Le réseau de transport d'électricité en France[modifier | modifier le code]

Article détaillé : Réseau électrique.
Lignes à haute tension.
Poste haute tension.

Le réseau géré par RTE[15] comprend 105 000 km de lignes comprenant deux sous-ensembles :

  • les lignes de grand transport à 400 kV, qui acheminent l'électricité à grande distance (sur plusieurs centaines de km). Sur ce réseau sont raccordées les lignes d'interconnexions avec les pays voisins et les principales centrales électriques ;
  • les lignes de répartition régionale, avec trois niveaux principaux de tension : 225, 90 et 63 kV. Ce réseau assure la répartition régionale jusqu'aux réseaux de distribution à moyenne tension (20 kV), ainsi qu'aux grandes industries.

Il comprend également les postes électriques de répartition et de transformation.
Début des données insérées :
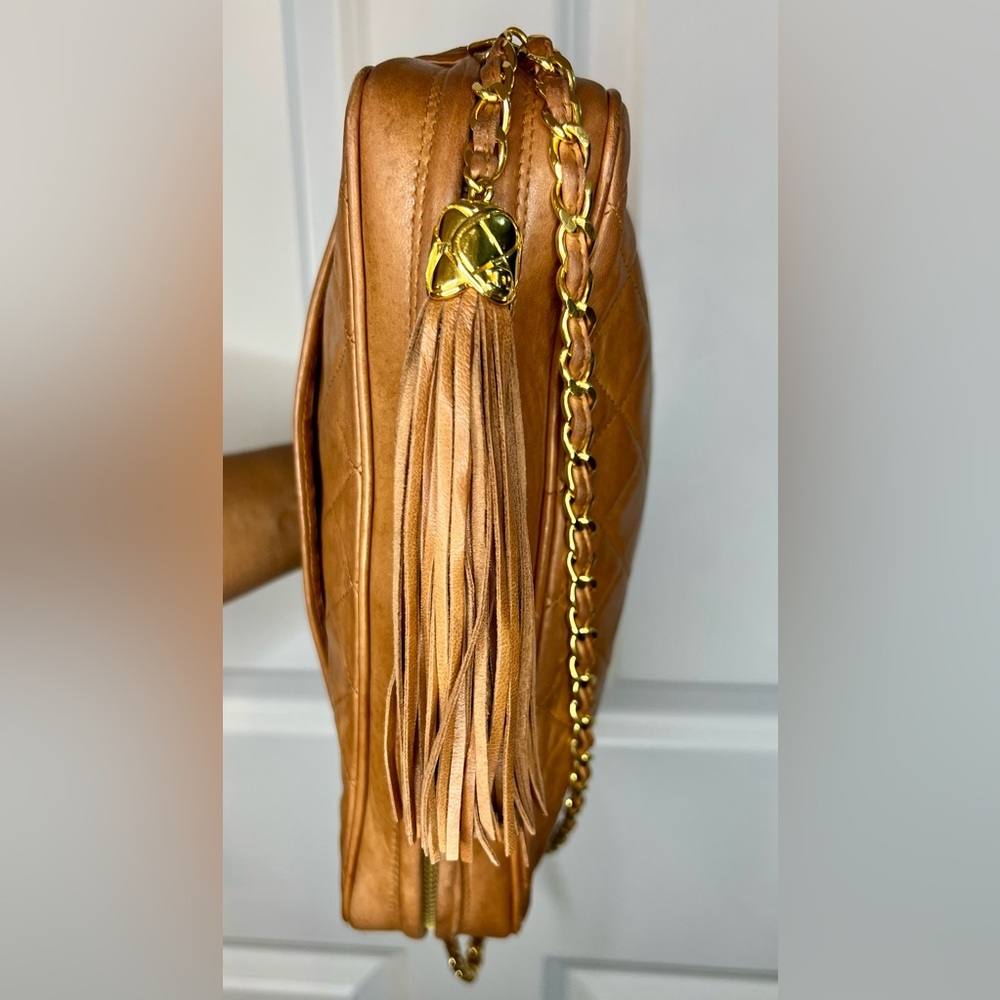 Vintage CHANEL CC Tassel Camera Bag in Tan Leather - GUC - Picture 14 of 14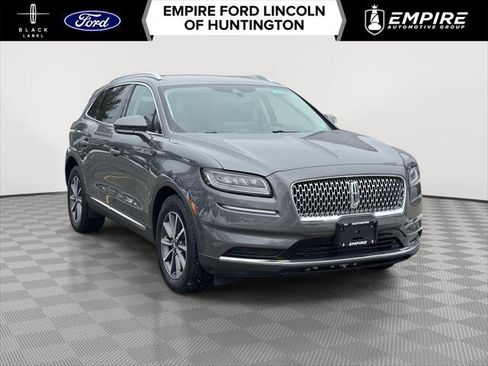 Used 2022 Lincoln Nautilus Standard image 1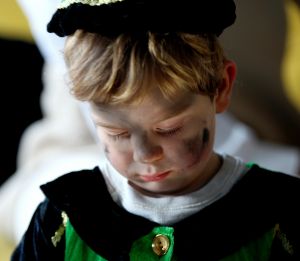 19-11-2022 NIEUWS-INTOCHT SINTERKLAAS-EGMOND AAN ZEE. Op een heuse reddingsboot kwam de Sint samen met veeg pieten aan in Egmond aan zee.Een paar honderd mensen waren gekomen om de Sint en zijn vele Pieten te verwelkomen in 
Egmond aan zee. Ondanks de koude en gure wind was iedereen blij om de Sint weer te zien.De Sint nam veel tijd voor ouders en de vele kinderen.Het was ook het eerste jaar dat er veeg pieten waren ipv de vertrouwde zwarte pieten.
foto: Albert den Iseger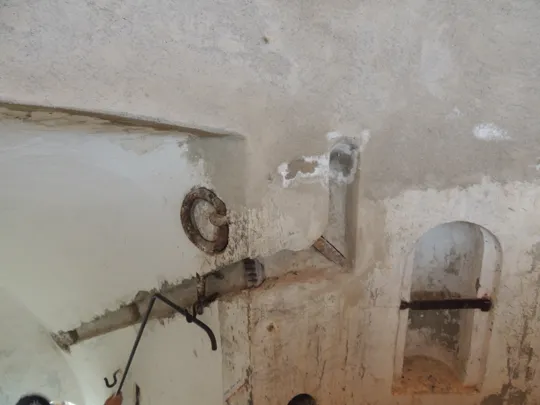 Particolari nel pozzo della batteria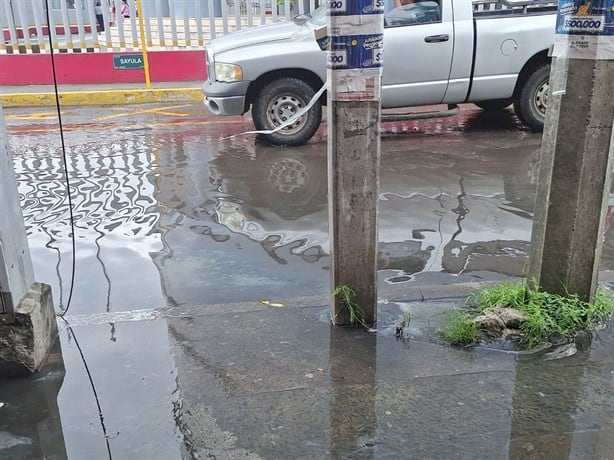 Mega fuga de aguas negras representa un foco de infección para hospital y comercios de comida en Veracruz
Le réseau électrique doit faire l'objet d'actions de maintenance à différents niveaux : peinture des pylônes, élagage au voisinage des lignes, gestion des systèmes de protection et de téléconduite, ...

La distribution locale d'électricité à moyenne (HTA 20 KV) et basse tensions (230/400 V) jusqu'aux utilisateurs finaux est assuré à 95 % par ERDF (autre filiale à 100 % d'EDF) et pour le reste par environ 170 entreprises locales de distribution émanant des communes.

Interconnexion avec les autres pays[modifier | modifier le code]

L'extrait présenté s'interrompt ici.